両建てのメリット

両建てのメリットは、「相場と逆行したときに確定損失を出さずに一旦固定できること」というのが一般にありますが、熟練したトレーダーにとってこの行為はメリットとは言えません。むしろ証拠金(保証金)を多く使うことになりますのでデメリットであると言えるでしょう。

「相場と逆行したときに確定損失を出さずに一旦固定できること」がメリットと感じているうちはまだまだ初心者の域を出ていないと言わざるを得ません。

両建てに関して、初心者の域を脱する方法を3つお教えします。

1、まず含み損は損失以外の何者でもありません。確かに相場は変動し損益は上下しますが、長期では一方向に向かう性質にあると考えます。損失を確定することで一旦考えがリセットされ、新しい相場戦略を練ることができます。ドテン(途転)がうまくいくことは十分に考えられるのです。

2、損失を確定することをよしとしましょう。確定損失は確定利益を押し下げます。この意味は、決算後に支払うべき税金の額を押し下げます。支払うべき税金がないのはそもそも根底からの問題となりますが、ここの読者にはそういう方はいないはずです。(笑)

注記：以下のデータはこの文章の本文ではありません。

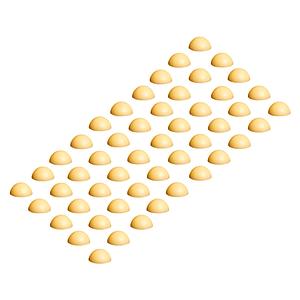 Rosin Heads - Hash Rosin Drops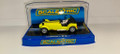  Scalextric Limited Edition Caterham 7 2013 Range Presentation Slot Car 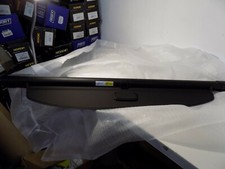 NEW Genuine Land Rover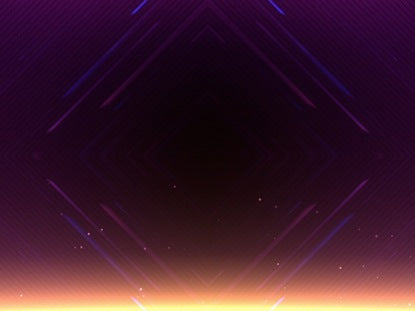 Pixel Lines 3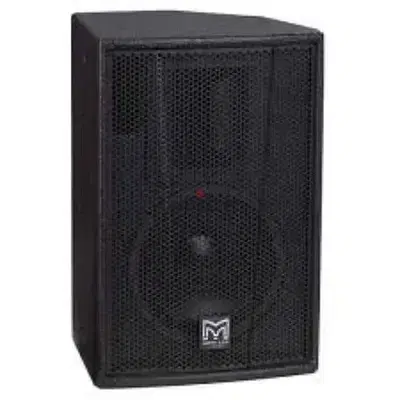 Martin audio F15+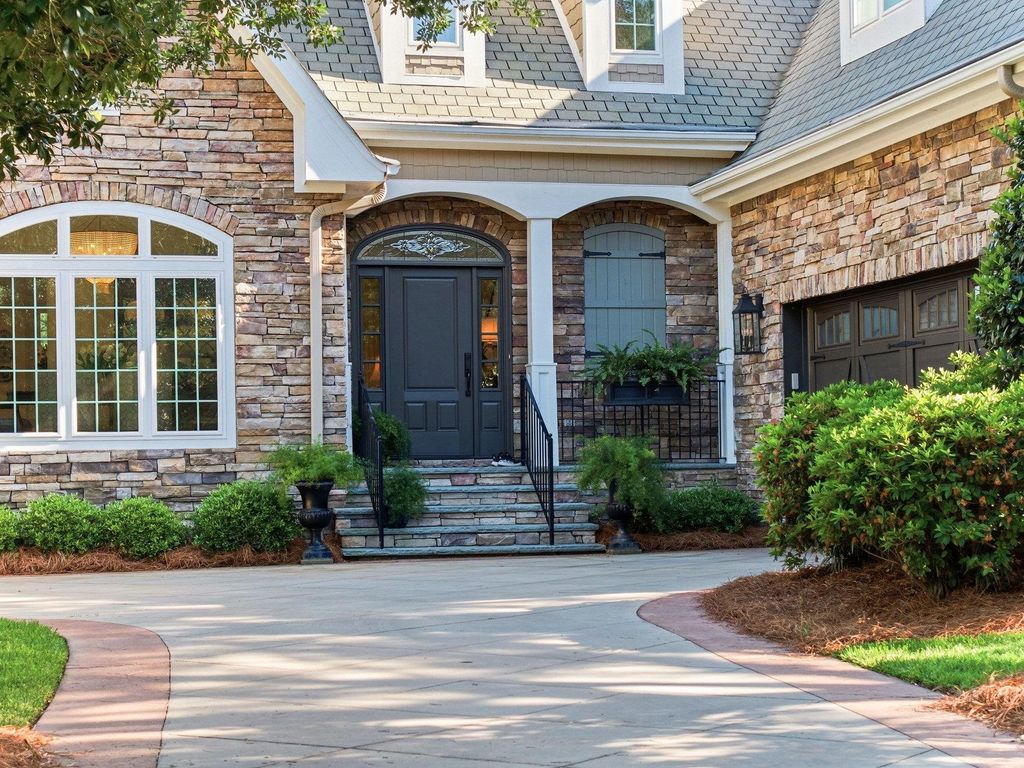 8839 Carenden, Sunset Beach, NC 28468 — photo 3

3、今度は含み益を固定するテクニックをご紹介します。これは2番目の続きになるのですが、含み益があるということはその分の税金を支払わずに済むということです。幸い、日本では確定損益のみが課税対象となっており、含み損益には税金がかかりません。年越えの含み益は確定せずに両建てすることで相場変動に左右されずに利益分の確保が可能となります。つまりは利益分の税金パーセンテージ(商品によるが20%~)の支払いを繰り延べることができるのです。住んでいる場所にもよりますが、海外居住の方には使えないテクニックです。